Ariane 6 is the successor to Ariane 5 and was supposed to be ready by 2020. As usually happens with new rockets, or new technology in general, it encountered a series of delays. ESA, which is in charge of Ariane 6 development, conceded recently it will not be until 2024.

That leaves Europe with a gap in access to space for heavy payloads. All the Ariane 5s have been launched already.  Not only that, but Europe no longer can use Russian medium-class Soyuz rockets. The European-Russian agreement to launch Soyuz from Europe’s launch site in French Guiana dissolved after Russian invaded Ukraine. To top it off, Europe’s new small rocket, Vega-C, failed on its second launch in December 2022. The last of the original version of Vega will lift off next month. At that point Europe will be completely without independent access to space.

ESA already has had to buy three launches from SpaceX for satellites that couldn’t wait.

ESA Director General Josef Aschbacher and officials from other key stakeholders briefed the press on Monday, a date selected long before the 4-second test was once again postponed. Ariane Group is the prime contractor, Arianespace is in charge of launch services, and France’s space agency CNES operates the Guiana Space Centre and is responsible for the launch pads and their connections to the rocket.

L-R: Toni Tolker-Nielsen, Director of Space Transportation, ESA; Stéphane Israël, CEO, Arianespace; Philippe Baptiste, President, CNES; Josef Aschbacher, Director General, ESA; Martin Sion, CEO, Ariane Group; Philippe Willekens, Head of Communication Department, ESA; Carrine Leveau, Director of Space Transporation, CNES. Screengrab, September 4, 2023.

Their key message was they are not ready to say when Ariane 6 will fly.
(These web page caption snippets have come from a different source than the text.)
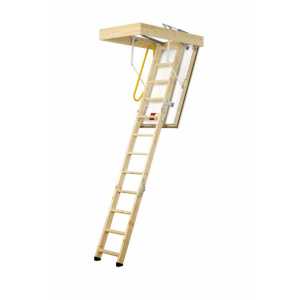 Podkrovné schody Mini Polar Extreme 90x60 H265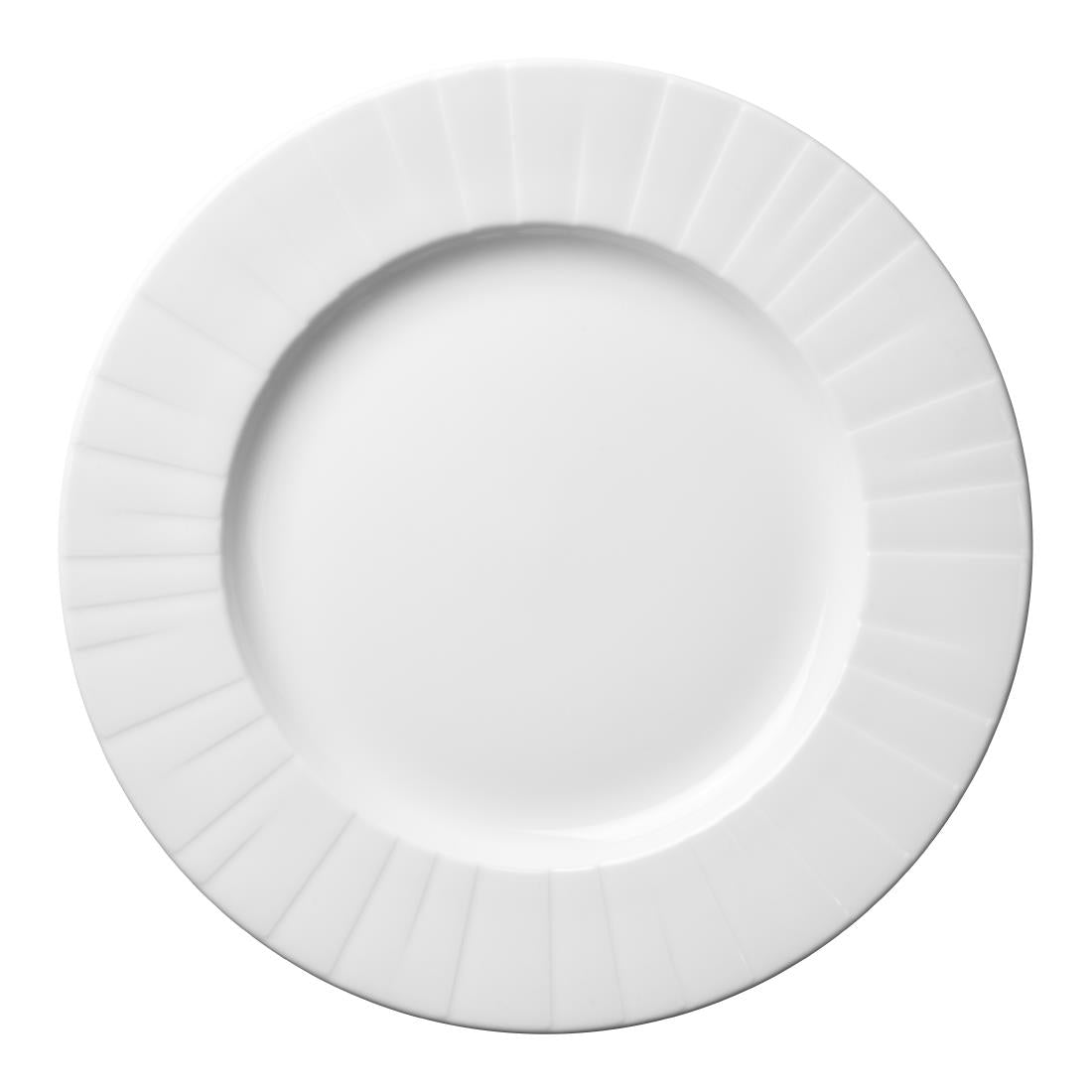 VV4562 Steelite Alina Gourmet Plates Large Well 285mm (Pack of 6)
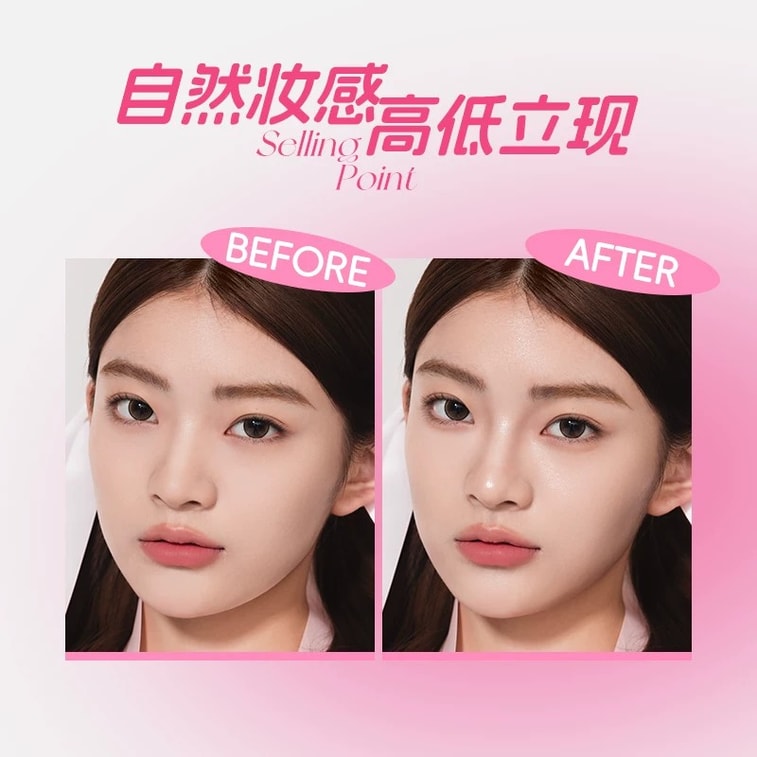 YAMIBUY 듀얼 컨투어 펜 #Y01 선샤인 쉐이드 (라이트 스킨 + 시멘트 그레이) 매트하고 입체적인 실크처럼 부드러운 블렌딩 초보자에게 친숙한 더러운 메이크업 없음 하이라이터 쉐이딩 밝기 4g 4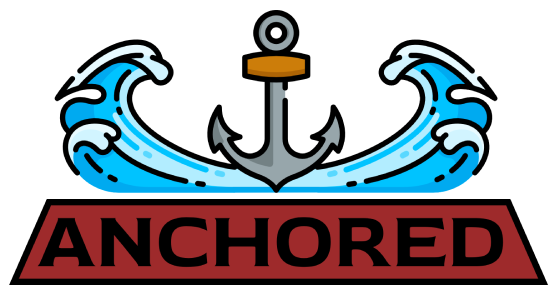 Anchored - Mental Health Matters - Sermon Series Logo (c) 2024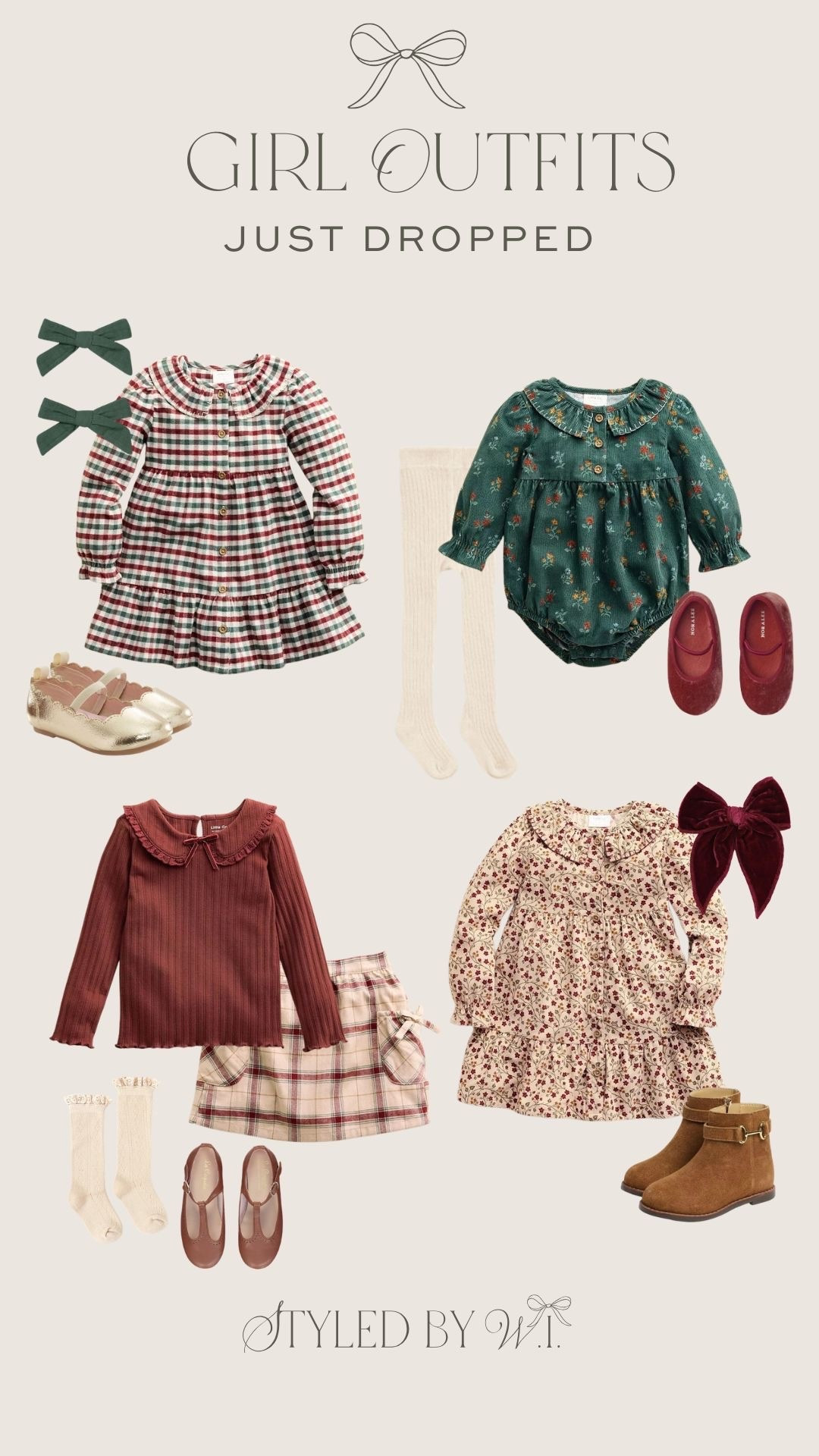 These darling outfits for the holiday season from Little Co. are a sure thing!

#LTKKids #LTKSeasonal #LTKStyleTip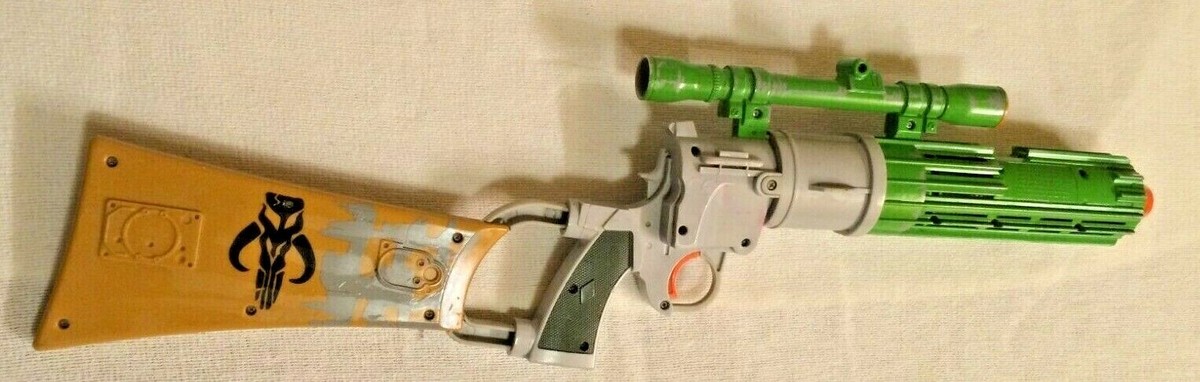 WARS STAR その他 boba Gun Toy Green Blaster Fett Boba Wars Star 2015 Parks Disney NEW blaster fett その他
Aschbacher declined to say even if it would be in the first half of 2024 as they were waiting for the results not only from yesterday’s 4-second test, but the full-duration test on October 3. The core stage engine will fire for 470 seconds, almost 8 minutes, as it would in normal operations.
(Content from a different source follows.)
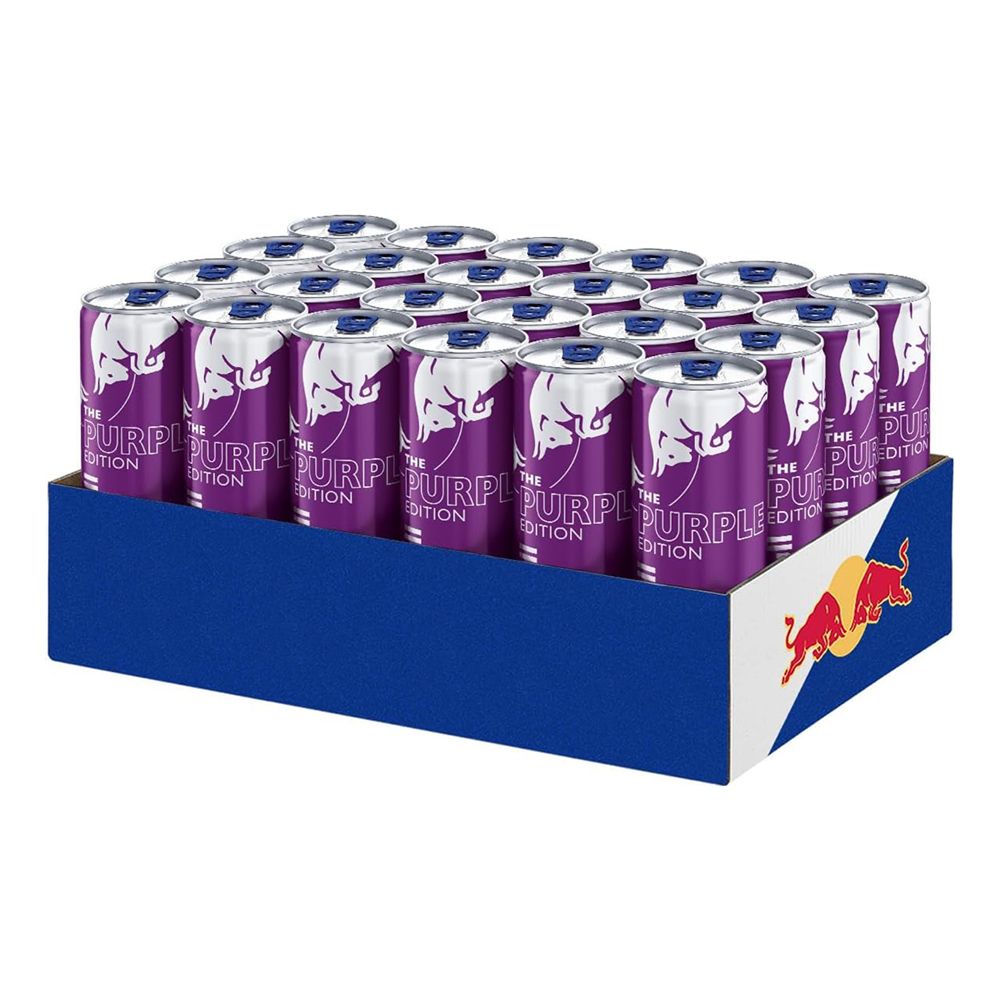 Red Bull Purple Edition Energidryck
“We will define the launch period after the tests have been conducted. You asked if everything goes fine could we meet the date before the end of June [2024]. There is a lot of uncertainties built along the way. Please allow me not to speculate at this point in time. We do promise to give you a period of time in about a month’s time. Let me reassure you that we have stabilized the schedule, the tests are looking really good so far. Of course there are still very critical ones ahead. I think that the chances are if everything goes perfect, things are pretty good that it’s not too late in the next year, but there are still a lot of unknowns ahead of us.” — Josef Aschbacher

A test fire of Ariane 6’s upper stage at the German Aerospace Center’s facility in Lampoldshausen on September 1 was a success. The reignitable Vinci engine and its Auxiliary Power Unit were fired in tandem to validate how they operate together.